DATA TO USE
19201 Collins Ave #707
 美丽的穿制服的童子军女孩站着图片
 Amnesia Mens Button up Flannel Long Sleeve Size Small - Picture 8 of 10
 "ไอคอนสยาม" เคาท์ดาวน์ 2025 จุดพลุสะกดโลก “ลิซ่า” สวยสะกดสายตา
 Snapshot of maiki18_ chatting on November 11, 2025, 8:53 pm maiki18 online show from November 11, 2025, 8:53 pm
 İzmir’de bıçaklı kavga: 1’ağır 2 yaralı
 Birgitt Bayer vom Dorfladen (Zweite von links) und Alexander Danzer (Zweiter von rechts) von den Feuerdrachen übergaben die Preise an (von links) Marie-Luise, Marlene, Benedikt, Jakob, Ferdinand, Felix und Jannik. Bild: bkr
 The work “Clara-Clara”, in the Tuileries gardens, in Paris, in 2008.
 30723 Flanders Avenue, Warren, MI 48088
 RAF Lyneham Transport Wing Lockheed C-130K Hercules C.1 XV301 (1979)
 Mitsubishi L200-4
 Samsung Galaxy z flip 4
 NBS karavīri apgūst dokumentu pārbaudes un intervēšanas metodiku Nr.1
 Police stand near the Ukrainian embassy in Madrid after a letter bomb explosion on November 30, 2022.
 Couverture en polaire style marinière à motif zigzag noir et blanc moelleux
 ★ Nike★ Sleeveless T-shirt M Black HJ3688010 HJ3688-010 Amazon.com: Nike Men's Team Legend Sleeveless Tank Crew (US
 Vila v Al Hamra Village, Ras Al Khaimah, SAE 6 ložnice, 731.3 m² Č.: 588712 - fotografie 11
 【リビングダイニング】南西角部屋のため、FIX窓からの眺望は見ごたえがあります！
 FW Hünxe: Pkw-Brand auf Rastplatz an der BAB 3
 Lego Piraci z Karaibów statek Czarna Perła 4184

YOUR INSTRUCTIONS
Up to the line containing "Vila v Al Hamra", skip everything; from that line through the last line above, return each line exactly.

EXERCISE OUTPUT
 Vila v Al Hamra Village, Ras Al Khaimah, SAE 6 ložnice, 731.3 m² Č.: 588712 - fotografie 11
 【リビングダイニング】南西角部屋のため、FIX窓からの眺望は見ごたえがあります！
 FW Hünxe: Pkw-Brand auf Rastplatz an der BAB 3
 Lego Piraci z Karaibów statek Czarna Perła 4184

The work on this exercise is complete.